There is a lack of consensus in the literature on the influence of the median particle size on stress wave velocity in cohesionless soils. For assemblies of spherical particles with Hertzian contacts, the stress wave velocities should not depend on particle size. However, a link between particle size and stress wave velocity has been reported in laboratory experiments. In this study, to identify the reasons for the discrepancies, wave velocity measurements were performed using planar piezoelectric transducers on four different sizes of alkaline glass beads and natural silica sands. The experimental results indicate that shear and compression wave velocities are independent of the median particle size.
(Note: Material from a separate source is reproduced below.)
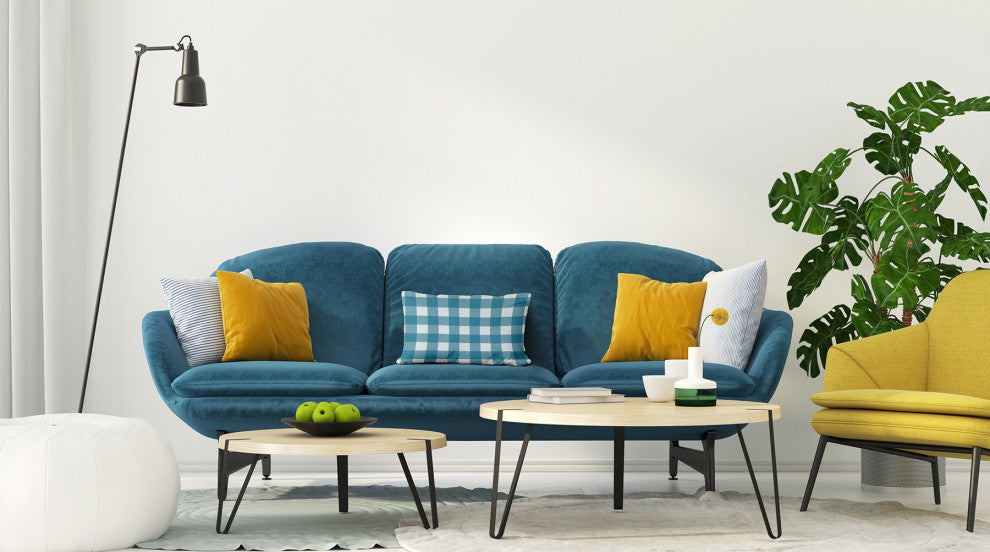 Gingham Plaid Accent Pillow, Unreal Teal, 14"x20"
In accordance with the dispersion theory, both the experiments and discrete-element simulations demonstrate that the maximum frequency that can propagate through a granular assembly (i.e. the low-pass frequency) reduces with increasing median particle size. The relationship between the low-pass frequency and the input signal frequency determines the quality of the received signal and hence the accuracy of the interpreted stress wave velocity data. To accurately estimate shear wave velocities, the selected input frequencies should match those frequencies which exhibit the largest gain factors and the input frequencies should not exceed more than half of the low-pass frequency. To determine the compression wave velocity, it is suggested that the start-to-start method be adopted and an input frequency which is slightly lower than the low-pass frequency be chosen.